**Web page caption snippets**
--

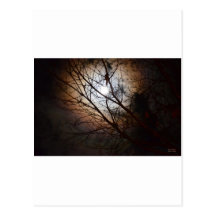Amore Post Card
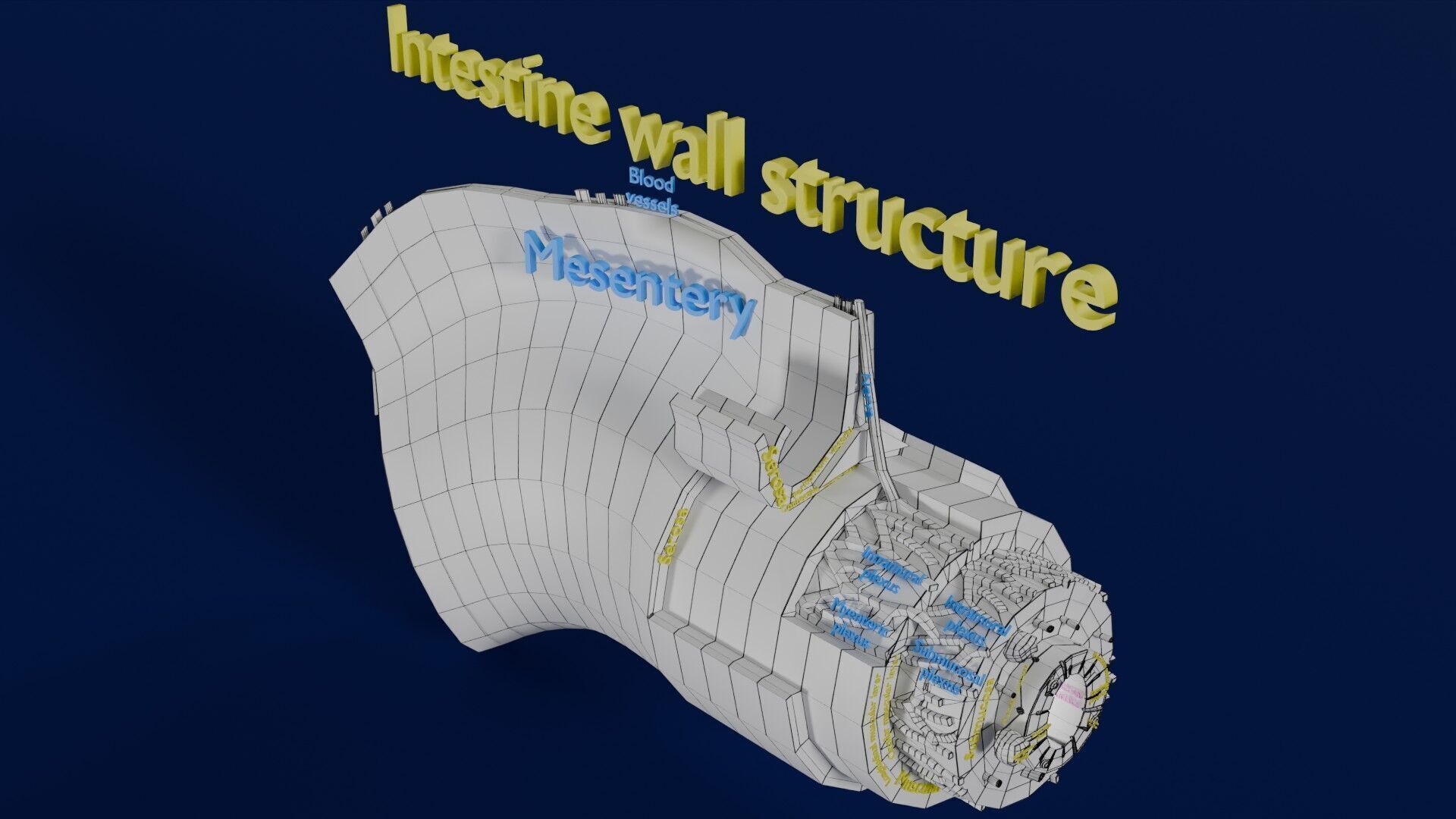 Intestinal wall layers anatomy labelled Low-poly 3D model_35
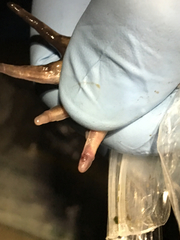 Batrachochytrium dendrobatidis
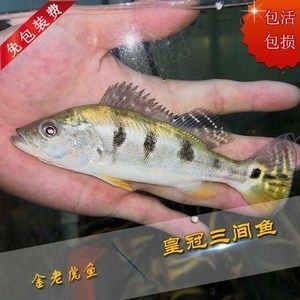 花龍魚營養價值：花龍魚的營養價值與作用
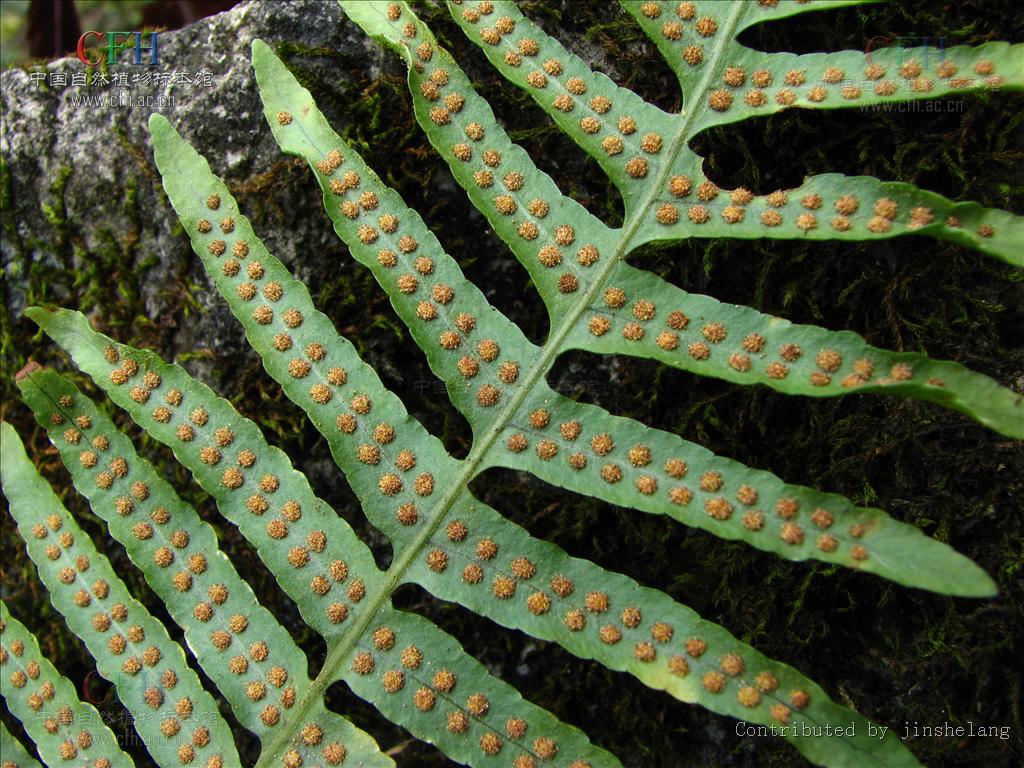  p> b>滇越水龙骨 /b>(学名: b> i>polypodiodes bourretii /i> /b>)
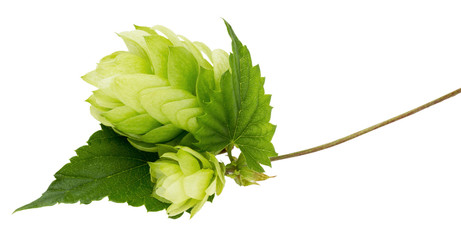 green hops isolated on the white background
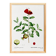 Botanical poster about the pomegranate tree, based on an old engraving from 1802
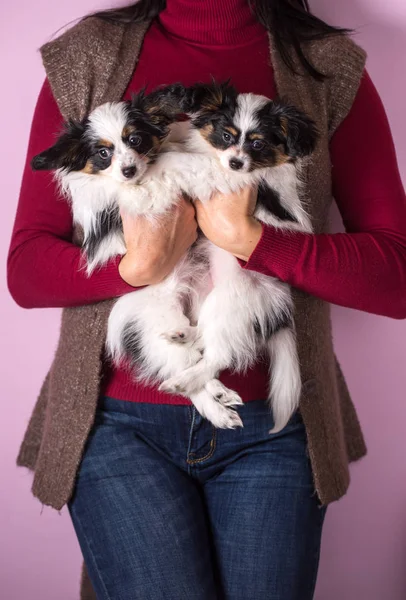 A woman is holding a pair of puppies — Stock Photo, Image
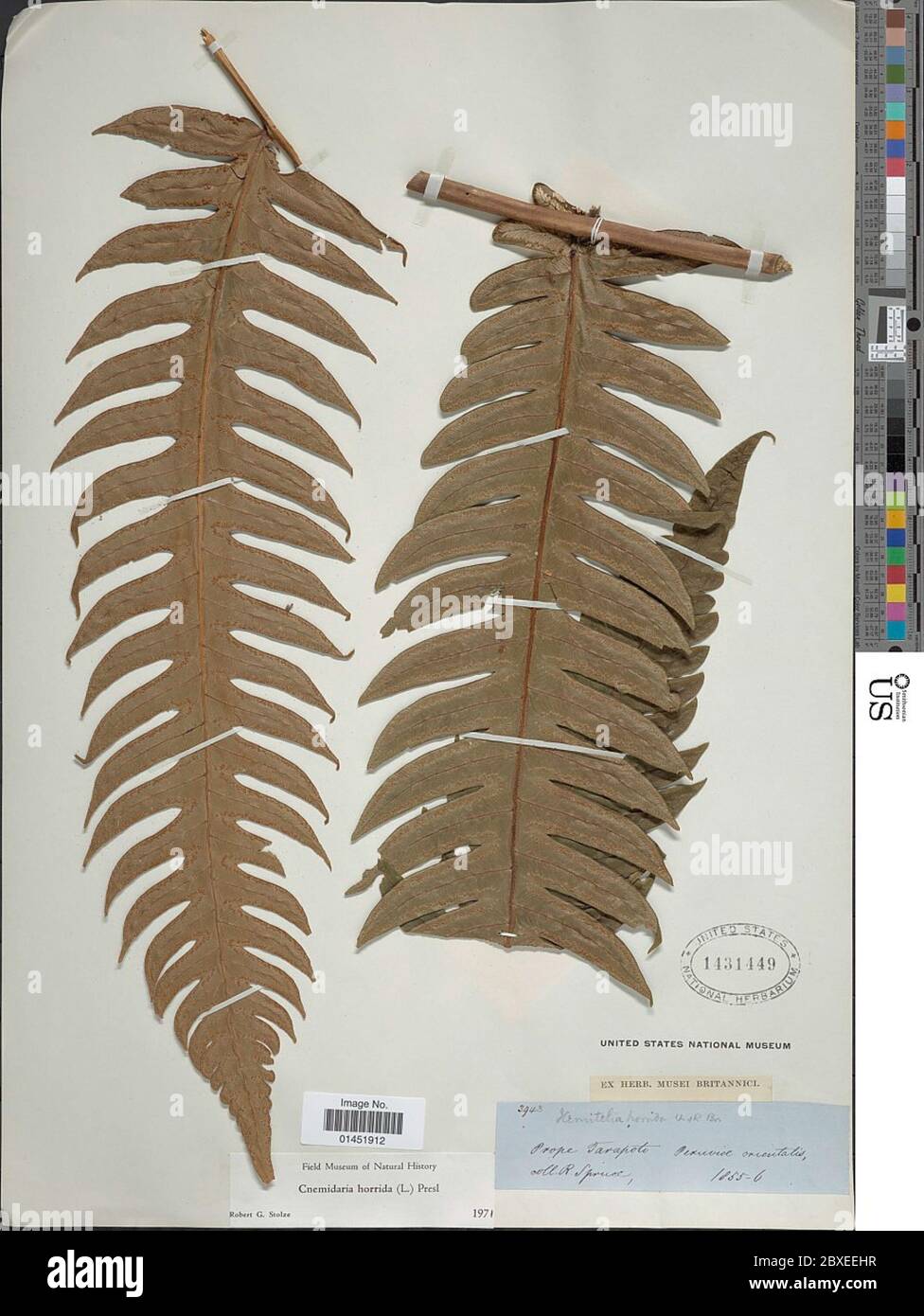 Cyathea horrida L Sm Cyathea horrida L Sm. Stock Photo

--

**What needs to be done**
With the pictures excluded, transcribe word for word only the lines from the one containing "A woman is holding" through the last line of the records.

**Result of the exercise**
 A woman is holding a pair of puppies — Stock Photo, Image
 Cyathea horrida L Sm Cyathea horrida L Sm. Stock Photo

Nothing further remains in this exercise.